L’élocution a deux parties qu’il est nécessaire de distinguer, quoique souvent on les confonde, la diction et le style. La diction n’a proprement de rapport qu’aux qualités grammaticales du discours, la correction et la clarté : le style au contraire renferme les qualités de l’élocution plus particulières, plus difficiles et plus rares, qui marquent le génie ou le talent de celui qui écrit ou qui parle ; telles sont la propriété des termes, la noblesse, l’harmonie et la facilité. Parcourons successivement ces différents objets.

Quoique la correction soit une qualité si essentielle qu’il est inutile de la recommander, l’orateur ne doit pas néanmoins s’en rendre tellement esclave qu’elle nuise à la vivacité nécessaire du discours ; de légères fautes sont alors une licence heureuse ; c’est un défaut d’être incorrect ; mais c’est un vice d’être froid. Lorsque Racine a dit,

Je t’aimais inconstant, qu’eussé-je fait fidèle ?

il a mieux aimé être inexact que languissant, et manquer à la grammaire qu’à l’expression.

La clarté, cette loi fondamentale, aujourd’hui négligée par tant d’écrivains, qui croient être profonds et qui ne sont qu’obscurs, consiste à éviter non seulement les constructions louches, et les phrases trop chargées d’idées accessoires à l’idée principale, mais encore les tours épigrammatiques dont la multitude ne peut sentir la finesse ; car l’orateur ne doit jamais oublier que c’est à la multitude qu’il parle, que c’est elle qu’il doit émouvoir, attendrir, entraîner. L’éloquence qui n’est pas pour le grand nombre, n’est pas de l’éloquence. Cependant si l’orateur doit bannir de son discours la finesse épigrammatique, qui n’est souvent que l’art puéril et méprisable de faire paraître les choses plus ingénieuses qu’elles ne sont, il est une autre espèce de finesse qui lui est permise, quelquefois même nécessaire, et qu’il ne faut pas confondre avec l’obscurité. L’obscurité consiste à ne point offrir de sens net à l’esprit, la finesse à en présenter deux, un clair et simple pour le vulgaire, un plus adroit et plus détourné que les gens d’esprit aperçoivent et saisissent ; et pourquoi n’y aurait-il pas dans un discours d’éloquence des traits uniquement réservés aux seuls hommes dont l’orateur doit réellement ambitionner l’estime ? c’est aux gens d’esprit à le juger, et à la multitude à lui obéir. Qu’il soit néanmoins sobre et circonspect dans l’usage de cette finesse même ; surtout qu’il se l’interdise sévèrement dans les sujets susceptibles d’élévation ou de véhémence, qui n’exigent qu’un coloris mâle et des traits forts et marqués ; la finesse d’expression dans ces sortes de sujets en bannirait la noblesse, et ne servirait qu’à les énerver sans les embellir. Il en est du style comme du caractère ; la grandeur et la finesse y sont incompatibles.

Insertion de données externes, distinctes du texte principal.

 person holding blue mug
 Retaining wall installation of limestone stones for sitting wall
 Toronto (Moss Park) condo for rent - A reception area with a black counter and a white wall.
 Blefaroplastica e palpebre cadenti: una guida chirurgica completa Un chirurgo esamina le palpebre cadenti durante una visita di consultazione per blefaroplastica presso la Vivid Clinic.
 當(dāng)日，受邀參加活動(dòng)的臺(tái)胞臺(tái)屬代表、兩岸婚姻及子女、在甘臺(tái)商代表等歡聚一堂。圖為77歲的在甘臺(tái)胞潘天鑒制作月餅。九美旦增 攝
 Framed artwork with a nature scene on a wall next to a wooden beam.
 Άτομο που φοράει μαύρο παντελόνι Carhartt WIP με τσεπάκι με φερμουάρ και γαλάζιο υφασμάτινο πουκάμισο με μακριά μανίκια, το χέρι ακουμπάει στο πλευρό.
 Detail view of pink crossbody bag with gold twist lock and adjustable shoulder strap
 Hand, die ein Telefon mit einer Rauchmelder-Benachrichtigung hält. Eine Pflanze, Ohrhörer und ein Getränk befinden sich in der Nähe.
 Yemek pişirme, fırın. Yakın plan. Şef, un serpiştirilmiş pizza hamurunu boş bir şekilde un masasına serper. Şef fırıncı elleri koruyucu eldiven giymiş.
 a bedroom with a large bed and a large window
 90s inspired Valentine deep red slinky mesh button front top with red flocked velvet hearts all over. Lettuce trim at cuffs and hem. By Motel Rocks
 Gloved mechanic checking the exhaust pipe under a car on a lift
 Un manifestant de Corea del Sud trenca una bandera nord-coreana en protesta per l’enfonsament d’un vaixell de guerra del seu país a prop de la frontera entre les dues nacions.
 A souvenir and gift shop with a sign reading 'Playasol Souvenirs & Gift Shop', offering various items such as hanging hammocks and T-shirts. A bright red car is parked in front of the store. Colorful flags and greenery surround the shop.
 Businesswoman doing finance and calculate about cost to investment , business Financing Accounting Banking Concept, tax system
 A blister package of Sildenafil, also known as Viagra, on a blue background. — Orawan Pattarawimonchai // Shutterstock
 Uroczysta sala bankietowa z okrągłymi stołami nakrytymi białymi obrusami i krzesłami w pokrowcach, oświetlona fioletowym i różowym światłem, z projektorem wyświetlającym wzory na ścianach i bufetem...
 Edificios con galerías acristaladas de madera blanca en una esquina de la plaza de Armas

Si on prend à la lettre ce qui se dit communément, que le caractère de notre langue est la clarté, on croira qu’il n’en est aucune plus favorable à l’orateur ; il ne faut pour se détromper qu’avoir écrit en français, ou interroger ceux qui ont pris cette peine. Aucune langue sans exception n’est plus sujette à l’obscurité (lue la nôtre, et ne demande dans ceux qui en font usage pins de précautions minutieuses pour être entendus. Ainsi la clarté est l’apanage de notre langue, en ce seul sens qu’un écrivain français ne doit jamais perdre la clarté de vue, comme étant prête à lui échapper sans cesse. On demandera sans doute comment une langue sujette à ce défaut importun, timide d’ailleurs, sourde et peu abondante, a fait dans l’Europe une si prodigieuse fortune ? plusieurs raisons y ont contribué ; la grandeur où la France est parvenue sous le règne de Louis XIV ; la supériorité de nos bons écrivains en matière de goût sur ceux des autres nations ; et peut-être aussi cette destinée quelquefois bizarre, qui décide apparemment de la fortune des langues comme de celle des hommes.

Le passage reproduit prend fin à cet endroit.